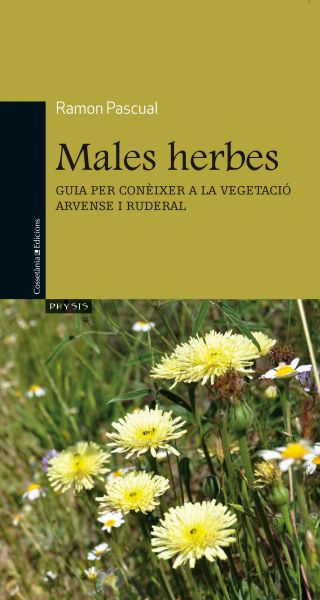 Males herbes. Guia per conèixer la vegetació arvense i ruderal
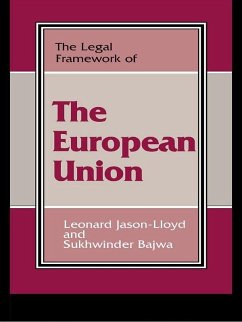 The Legal Framework of the European Union (eBook, PDF) - Bajwa, Sukhwinder; Jason-Lloyd, Leonard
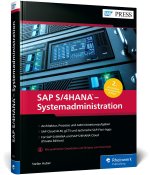 SAP S/4HANA - Systemadministration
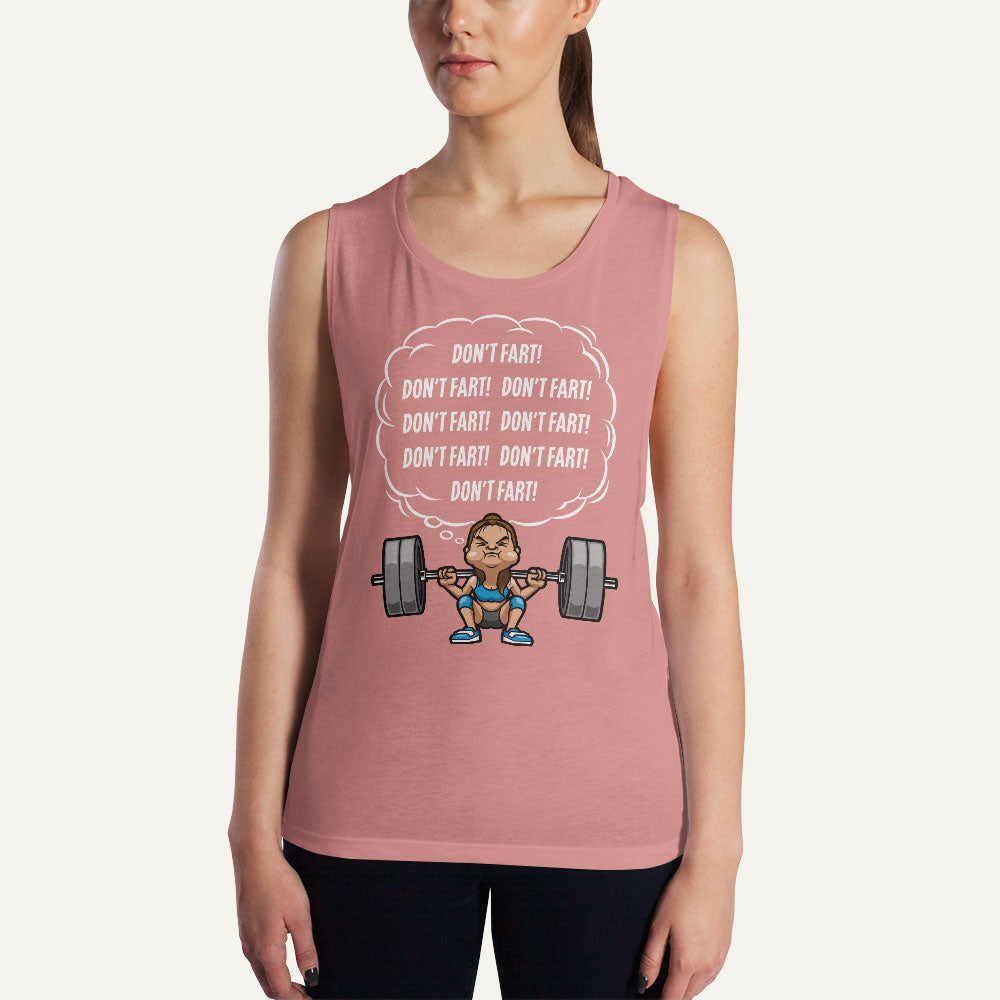 Don’t Fart Squat Women’s Muscle Tank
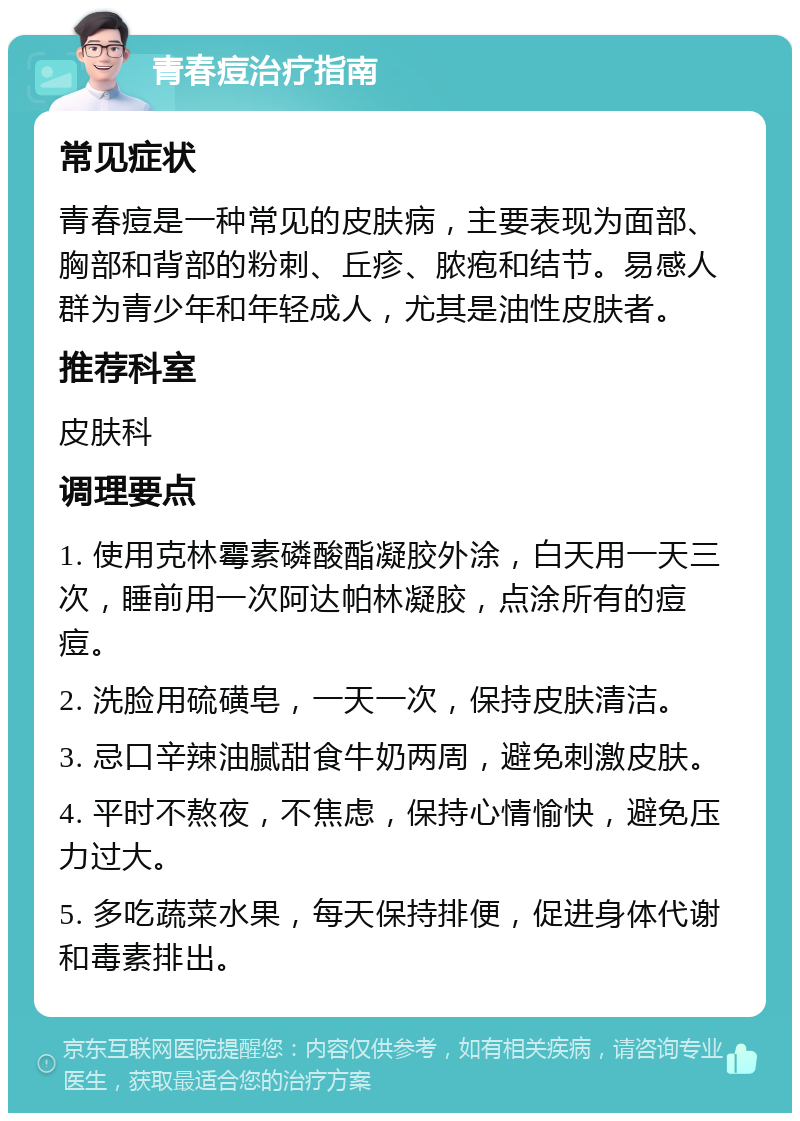 青春痘治疗指南 常见症状 青春痘是一种常见的皮肤病，主要表现为面部、胸部和背部的粉刺、丘疹、脓疱和结节。易感人群为青少年和年轻成人，尤其是油性皮肤者。 推荐科室 皮肤科 调理要点 1. 使用克林霉素磷酸酯凝胶外涂，白天用一天三次，睡前用一次阿达帕林凝胶，点涂所有的痘痘。 2. 洗脸用硫磺皂，一天一次，保持皮肤清洁。 3. 忌口辛辣油腻甜食牛奶两周，避免刺激皮肤。 4. 平时不熬夜，不焦虑，保持心情愉快，避免压力过大。 5. 多吃蔬菜水果，每天保持排便，促进身体代谢和毒素排出。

Task directions:
Copy out all the records exactly, excluding pictures.

Solution:
 Males herbes. Guia per conèixer la vegetació arvense i ruderal
 The Legal Framework of the European Union (eBook, PDF) - Bajwa, Sukhwinder; Jason-Lloyd, Leonard
 SAP S/4HANA - Systemadministration
 Don’t Fart Squat Women’s Muscle Tank
 青春痘治疗指南 常见症状 青春痘是一种常见的皮肤病，主要表现为面部、胸部和背部的粉刺、丘疹、脓疱和结节。易感人群为青少年和年轻成人，尤其是油性皮肤者。 推荐科室 皮肤科 调理要点 1. 使用克林霉素磷酸酯凝胶外涂，白天用一天三次，睡前用一次阿达帕林凝胶，点涂所有的痘痘。 2. 洗脸用硫磺皂，一天一次，保持皮肤清洁。 3. 忌口辛辣油腻甜食牛奶两周，避免刺激皮肤。 4. 平时不熬夜，不焦虑，保持心情愉快，避免压力过大。 5. 多吃蔬菜水果，每天保持排便，促进身体代谢和毒素排出。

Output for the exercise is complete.